From the newest seedling to the oldest snag in the forest, there is meaning to be found in every stage of a tree’s life, all of which contribute to a thriving forest community. In this forest thinking, Tessa begins to find answers to her questions about how to live (for each other), how to grieve (radically), and how to die (with love and connection).
The Snag is an essential book about living and dancing and singing and praying, even in the face of unimaginable sadness, and in this way, growing together and supporting one another, like the trees in the forest.
Author
Tessa McWatt
TESSA McWATT is the author of seven novels and two books for young people. Her fiction and non-fiction have been nominated for the Governor General’s Award, the City of Toronto Book Awards, and the OCM Bocas Prize. She is the co-editor, along with Dionne Brand and Rabindranath Maharaj, of Luminous Ink: Writers on Writing in Canada. Her first picture book for children, Where Are You Agnes?, is based on the life of abstract expressionist painter Agnes Martin. She is one of the winners of the Eccles British Library Award 2018, for her memoir: Shame on Me: An Anatomy of Race and Belonging, which also won the Bocas Prize for Non-Fiction 2020 and was a finalist for the Hilary Weston Writers’ Trust Prize for Nonfiction. She is also a librettist, most recently working with British composer Hannah Kendall.
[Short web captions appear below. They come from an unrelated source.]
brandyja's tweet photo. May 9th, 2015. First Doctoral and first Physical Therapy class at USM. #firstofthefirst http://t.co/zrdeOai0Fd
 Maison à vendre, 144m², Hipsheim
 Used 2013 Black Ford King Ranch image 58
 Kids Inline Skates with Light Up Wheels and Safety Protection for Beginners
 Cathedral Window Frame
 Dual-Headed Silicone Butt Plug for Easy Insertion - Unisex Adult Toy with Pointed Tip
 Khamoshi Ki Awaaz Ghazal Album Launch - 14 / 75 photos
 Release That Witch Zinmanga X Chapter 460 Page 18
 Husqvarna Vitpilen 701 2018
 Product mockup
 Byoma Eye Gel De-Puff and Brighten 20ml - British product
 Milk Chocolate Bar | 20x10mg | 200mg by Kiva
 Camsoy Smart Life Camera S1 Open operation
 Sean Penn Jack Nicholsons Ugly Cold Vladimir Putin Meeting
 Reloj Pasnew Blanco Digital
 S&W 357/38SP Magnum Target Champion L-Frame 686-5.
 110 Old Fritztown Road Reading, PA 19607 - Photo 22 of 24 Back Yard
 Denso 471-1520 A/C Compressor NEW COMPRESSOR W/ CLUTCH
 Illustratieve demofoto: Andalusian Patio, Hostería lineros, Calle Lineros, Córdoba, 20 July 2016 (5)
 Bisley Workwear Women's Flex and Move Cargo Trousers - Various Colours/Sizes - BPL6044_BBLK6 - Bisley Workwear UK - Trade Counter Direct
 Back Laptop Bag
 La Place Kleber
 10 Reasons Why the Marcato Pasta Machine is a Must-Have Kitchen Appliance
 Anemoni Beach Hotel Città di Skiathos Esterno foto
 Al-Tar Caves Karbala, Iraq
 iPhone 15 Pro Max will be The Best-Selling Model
Their chamber opera, The Knife of Dawn, premiered at the Roundhouse, London, in 2016, and they are working on a new full-length opera. McWatt is also in the process of bringing John Berger’s novel To the Wedding, to the screen, with award-winning film director Andrea Pallaoro. Tessa McWatt is the Course Director for the Master’s in Prose Fiction at the University of East Anglia and is on the Board of Trustees at Wasafiri. Born in Guyana, and raised in Canada, she lives in London.